| TASK REQUIREMENTS |
Starting at the line that contains "Hauck Alpha Tray", please transcribe every line through the end of the entries, exactly and with no pictures.

| DATA FOR ANALYSIS |

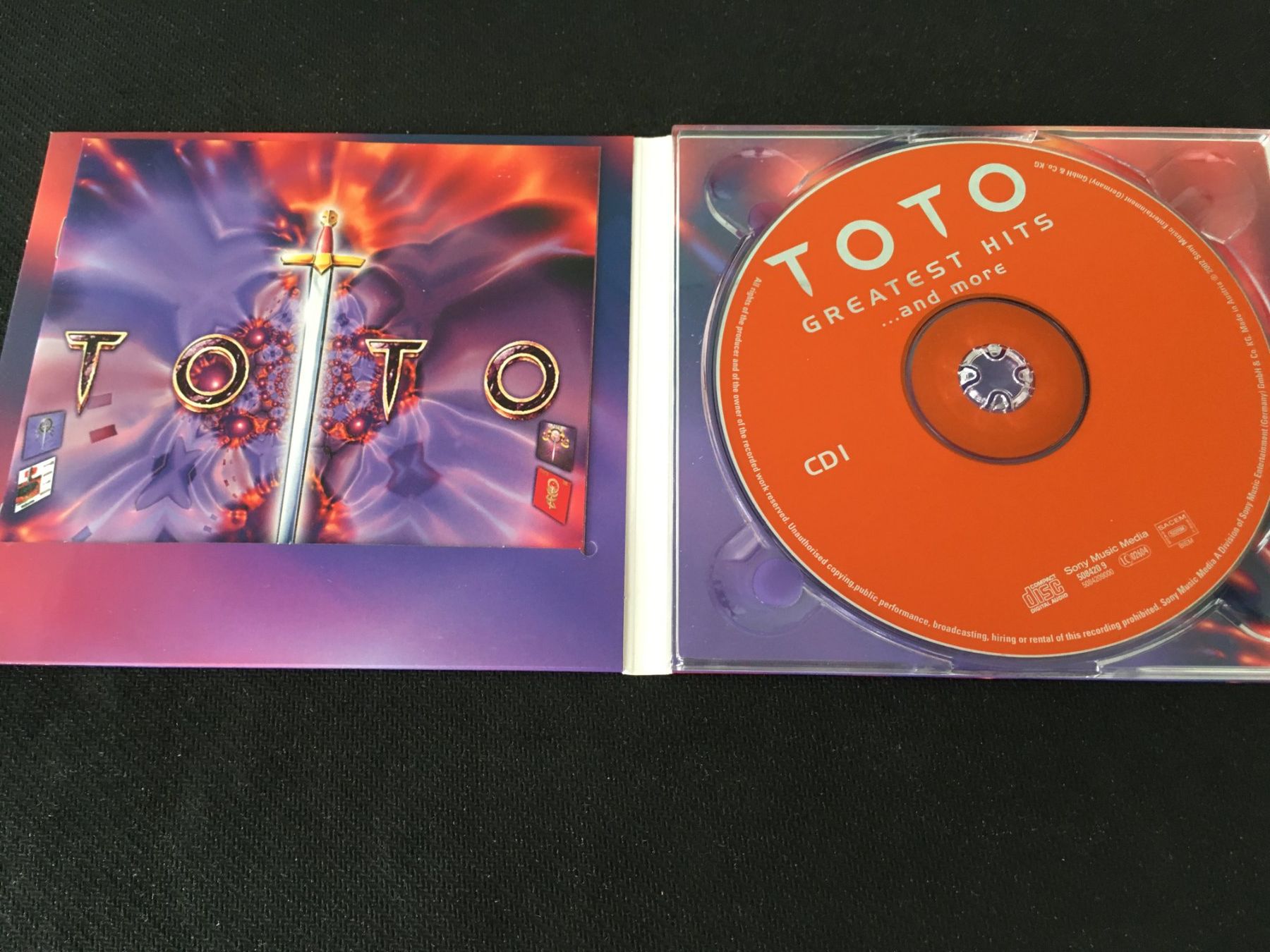 CD: Toto - Greatest Hits ans more -CD- 3cd – Usato da St.Gallen venduto da MedienJoe 2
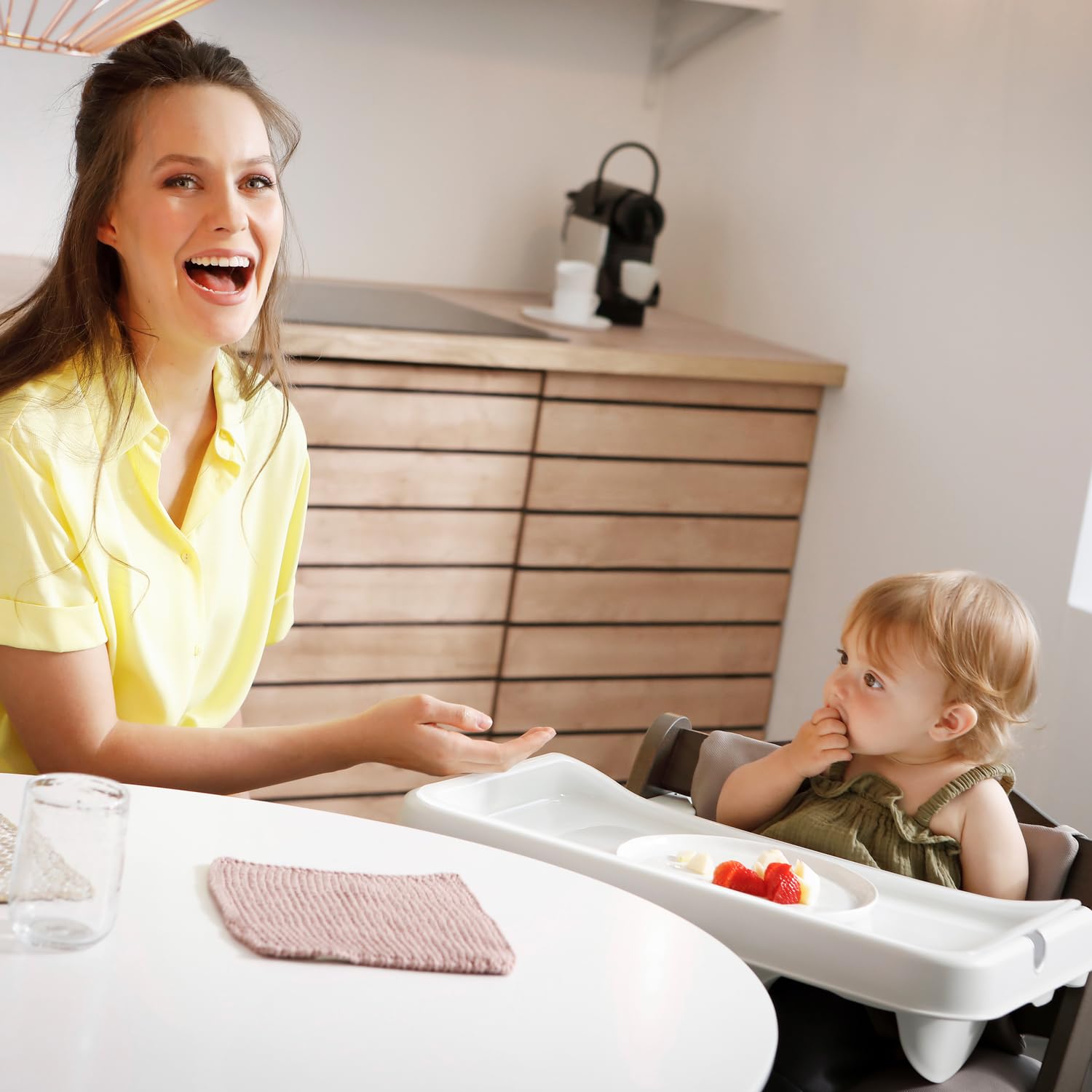 Hauck Alpha Tray 3w1, regulowany stolik z wyjmowaną tacą, z zagłębieniem na kubek i podwyższoną krawędzią; pasuje do drewnianych krzesełek hauck Alpha+ & Beta+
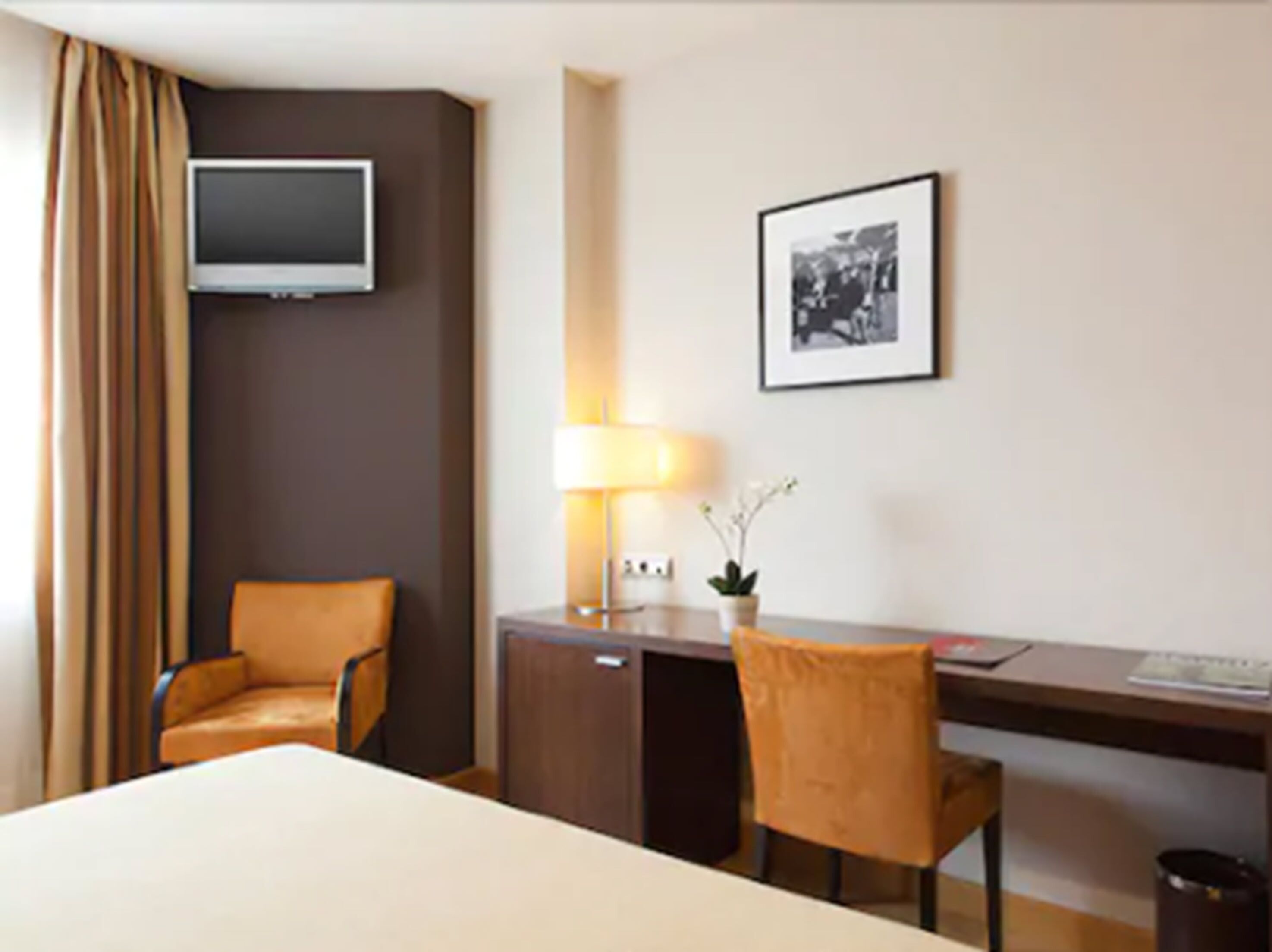 1 bedroom, down duvets, minibar, in-room safe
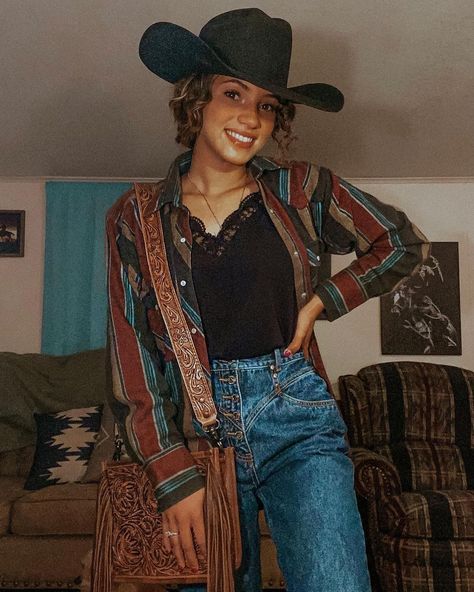 🪶 Aɴɴᴀ Lᴀᴡsᴏɴ 🪶 on Instagram: “no rhyme or reason ↯ ⚡️🍂🌵🪐” Western Shacket Outfit Women, 70 Western Fashion, Jean Jacket Western Outfits, Southwestern Aesthetic Outfits, Vintage Country Outfits, 70s Country Fashion, Vintage Western Outfits Women, 90s Country Fashion Women, Vintage Cowgirl Outfits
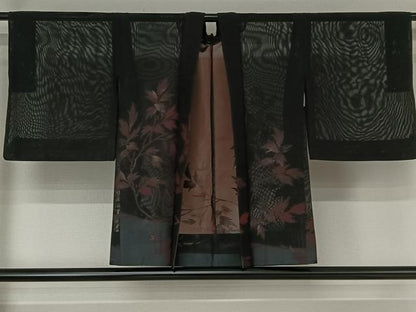 平和屋着物▽羽織 スリーシーズン 春夏秋 塵除け 草葉文 黒地 正絹 逸品 AABF7111jh
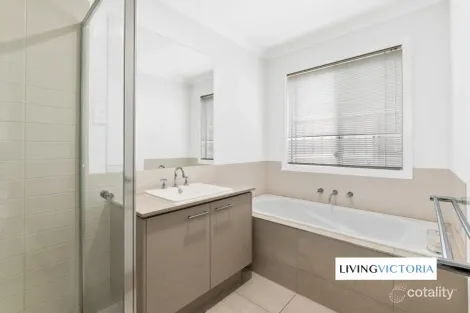 Property photo of 17 Kurrali Crescent Werribee VIC 3030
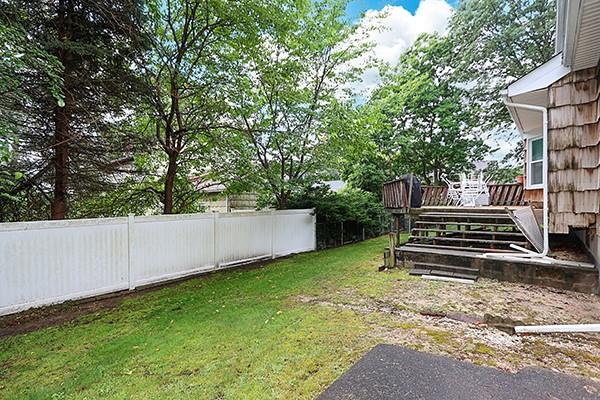 2 Evans Lane Property Photo 28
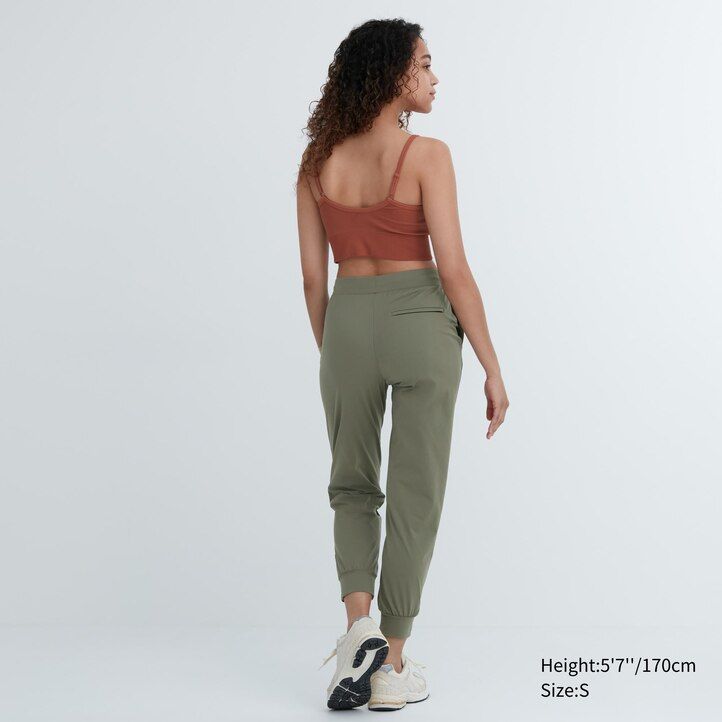 tops uniqlo ultra stretch airism para mujer color verde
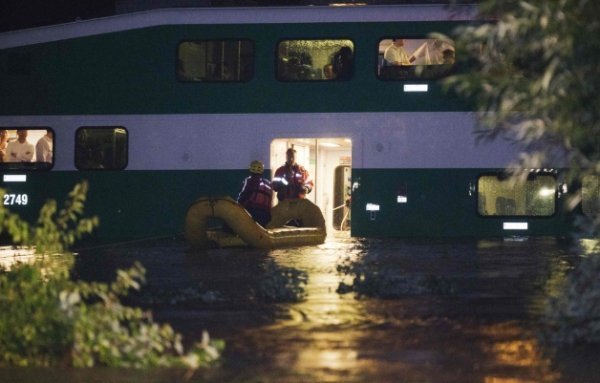 Як тонуло канадське Торонто. ФОТО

| REPLY |
 Hauck Alpha Tray 3w1, regulowany stolik z wyjmowaną tacą, z zagłębieniem na kubek i podwyższoną krawędzią; pasuje do drewnianych krzesełek hauck Alpha+ & Beta+
 1 bedroom, down duvets, minibar, in-room safe
 🪶 Aɴɴᴀ Lᴀᴡsᴏɴ 🪶 on Instagram: “no rhyme or reason ↯ ⚡️🍂🌵🪐” Western Shacket Outfit Women, 70 Western Fashion, Jean Jacket Western Outfits, Southwestern Aesthetic Outfits, Vintage Country Outfits, 70s Country Fashion, Vintage Western Outfits Women, 90s Country Fashion Women, Vintage Cowgirl Outfits
 平和屋着物▽羽織 スリーシーズン 春夏秋 塵除け 草葉文 黒地 正絹 逸品 AABF7111jh
 Property photo of 17 Kurrali Crescent Werribee VIC 3030
 2 Evans Lane Property Photo 28
 tops uniqlo ultra stretch airism para mujer color verde
 Як тонуло канадське Торонто. ФОТО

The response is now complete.